Every political party, including the BJP, undertakes leadership reshuffles. Yet when Congress considers replacing Siddaramaiah with D.K. Shivakumar, critics portray it as an act of coercion rather than a routine political transition. In this context, they even cite Kerala, arguing that the Congress took nearly ten days to announce its Chief Minister because approval from the Gandhi family was awaited. They present this as the proof that nothing moves in the Congress without a signal from the party’s first family.
Even if one accepts that the Gandhi family plays a central role in the decision-making, such decisions are generally taken in consultation with other party leaders. The Congress does not practice “slip politics”, where an autocratic leader unilaterally chooses a chief minister and conveys the decision through a note. Critics point to Rajasthan, where senior BJP leader Vasundhara Raje Scindia was reportedly the consensus choice but was denied the chief ministership because she lacked the approval of the top leadership.
The situation in Karnataka is different. The Congress leadership has not imposed its will on the party. Rather, it appears to be honouring an earlier power-sharing understanding under which Shivakumar would eventually get an opportunity to lead the government. The transition is thus the outcome of a negotiated arrangement between senior leaders rather than an arbitrary directive.
Raising the issue of dynastic politics at this stage serves as a convenient strategy for the saffron ecosystem to downplay the broader political significance of the move. While Karnataka’s leadership transition is deeply shaped by caste arithmetic, it also has national implications. A transfer of power from an OBC (Kuruba) leader to a dominant Vokkaliga leader reflects an attempt to balance regional representation and coalition-building ahead of future elections.
The Congress leadership is looking beyond immediate state-level considerations. Its strategy is focused on long-term organisational consolidation in preparation for the 2028 Karnataka Assembly elections and the 2029 Lok Sabha elections.
Elevating D.K. Shivakumar to the Chief Minister’s post would be a calculated effort by the central leadership to rejuvenate governance, project dynamic leadership, and consolidate support among the influential Vokkaliga community. Siddaramaiah’s transition to a national role would allow the party to retain its strong OBC and AHINDA (minorities, backward classes and Dalits) support base in Karnataka while deploying an experienced leader for national political battles.
Ultimately, the objective is to stabilise governance by aligning caste arithmetic with organisational requirements. While Siddaramaiah is a veteran mass leader, Shivakumar is widely credited as a master strategist in southern Indian politics. This partnership has been a defining feature of Karnataka Congress politics. A smooth transfer of power would bring Shivakumar’s organisational abilities to the state’s highest office while preparing the party for future electoral contests.
Congress President Mallikarjun Kharge assumed office in October 2022. The party president’s term is five years and will conclude in October 2027. His current Rajya Sabha term ends on June 25, adding to speculation about future leadership arrangements within the party.
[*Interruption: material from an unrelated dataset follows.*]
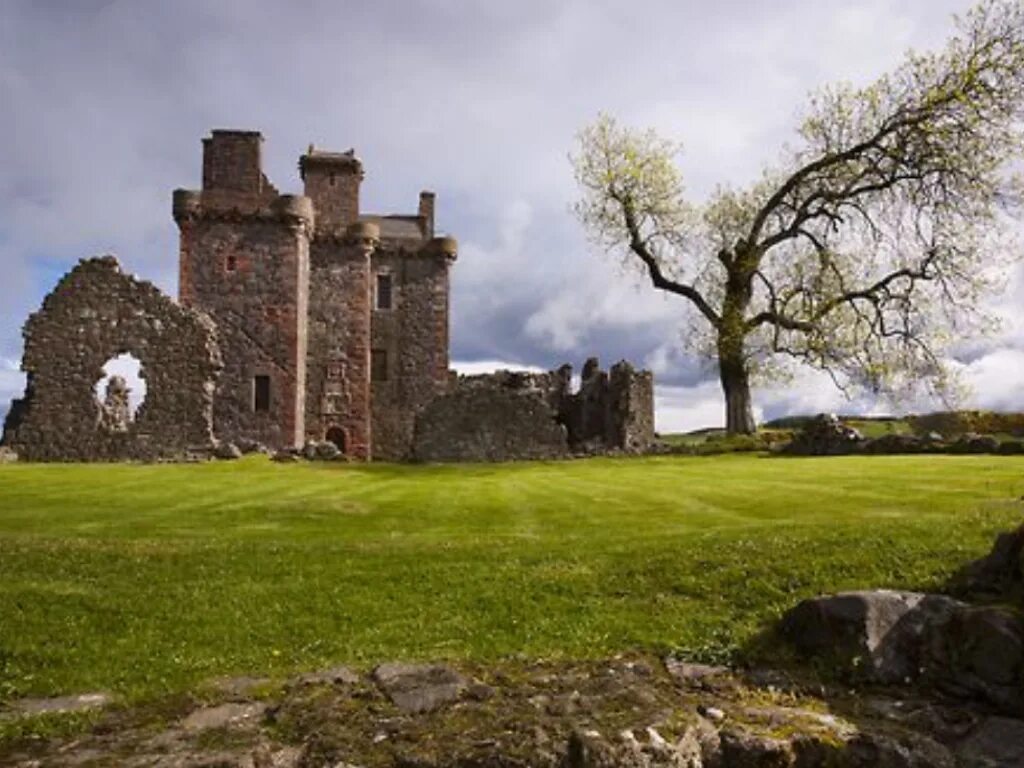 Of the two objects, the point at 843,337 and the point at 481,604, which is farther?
the point at 843,337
Siddaramaiah’s extensive political experience, spanning nearly five decades, and his strong OBC support base make him a credible candidate for the Congress presidency. However, his effectiveness in such a role would depend on his ability to rebuild grassroots coalitions and successfully transition from regional to national politics.
As a prominent Kuruba leader, Siddaramaiah is known for building the AHINDA coalition — a Kannada acronym representing minorities, backward classes and Dalits. This social alliance could prove nationally significant if Congress seeks to counter rival parties’ extensive support among lower-caste and OBC voters. His administrative experience and political acumen align with Rahul Gandhi’s increasing emphasis on OBCs, EBCs and Dalits.
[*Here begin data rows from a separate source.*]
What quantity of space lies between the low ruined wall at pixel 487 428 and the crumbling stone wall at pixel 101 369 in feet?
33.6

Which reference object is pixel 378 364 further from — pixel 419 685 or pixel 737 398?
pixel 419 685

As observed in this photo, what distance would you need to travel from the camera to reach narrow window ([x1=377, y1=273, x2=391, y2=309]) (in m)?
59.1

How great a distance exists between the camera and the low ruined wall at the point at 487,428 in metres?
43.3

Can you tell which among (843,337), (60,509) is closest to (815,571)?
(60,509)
Siddaramaiah is widely regarded as a leader who understands the mechanics of electoral politics and social coalition-building. Although his political career has been rooted largely in Karnataka, his lack of experience in the Hindi heartland may not be a major obstacle. Given time and organisational support, he could adapt to national politics.
His success would ultimately depend on whether he can translate his regional achievements into a nationwide political narrative while managing the Congress party’s internal dynamics.
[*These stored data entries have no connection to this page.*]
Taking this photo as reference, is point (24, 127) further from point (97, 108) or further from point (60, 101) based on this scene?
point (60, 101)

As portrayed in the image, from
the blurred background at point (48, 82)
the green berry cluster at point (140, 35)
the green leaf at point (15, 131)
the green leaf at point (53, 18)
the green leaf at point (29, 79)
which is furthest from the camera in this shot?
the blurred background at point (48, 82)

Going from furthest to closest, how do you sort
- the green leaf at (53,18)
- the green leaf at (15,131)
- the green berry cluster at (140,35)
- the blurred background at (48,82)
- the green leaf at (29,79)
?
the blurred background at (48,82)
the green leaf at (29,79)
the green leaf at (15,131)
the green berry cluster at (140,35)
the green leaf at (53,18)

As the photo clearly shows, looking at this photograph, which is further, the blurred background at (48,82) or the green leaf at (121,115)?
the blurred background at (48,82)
Earlier, both Rahul Gandhi and Priyanka Gandhi Vadra reportedly favoured Shivakumar for a national role, possibly accompanied by a Rajya Sabha berth. However, changing political circumstances — including Congress’s prospects in Kerala and its alliance arrangements in Tamil Nadu, ppear to have altered the strategic calculations. The leadership now views developments in Karnataka as part of a broader effort to reshape political equations across southern India.
With Siddaramaiah in an organisational role, Congress hopes to strengthen its appeal among the AHINDA social bloc, which encompasses a large section of Karnataka’s population. AHINDA, first conceptualised in the 1970s by former Chief Minister D. Devaraj Urs, sought to unite minorities, backward classes and Dalits against the dominance of upper-caste landowning groups.
Urs implemented major reforms, including land redistribution and expanded reservations for backward classes in education and public employment. These measures transformed Karnataka’s social and political landscape. Revived by Siddaramaiah, AHINDA evolved into a powerful electoral coalition that challenged both the BJP and the Janata Dal (Secular), whose support has traditionally been concentrated among dominant caste groups.
Today, AHINDA remains politically relevant, particularly in debates surrounding the caste census and demands for proportional representation. It shifted the focus of Karnataka politics from elite patronage to questions of welfare, rights and representation for marginalised communities.
With the next Assembly election due in 2028, Congress is unlikely to leave organisational matters to chance. The party would probably prefer a state unit president acceptable to both Siddaramaiah and Shivakumar. Critics argue that moving Siddaramaiah to Delhi could create a leadership vacuum in Karnataka. However, many Congress leaders reject this view, insisting that his influence in the state would remain intact even if he assumed a national position.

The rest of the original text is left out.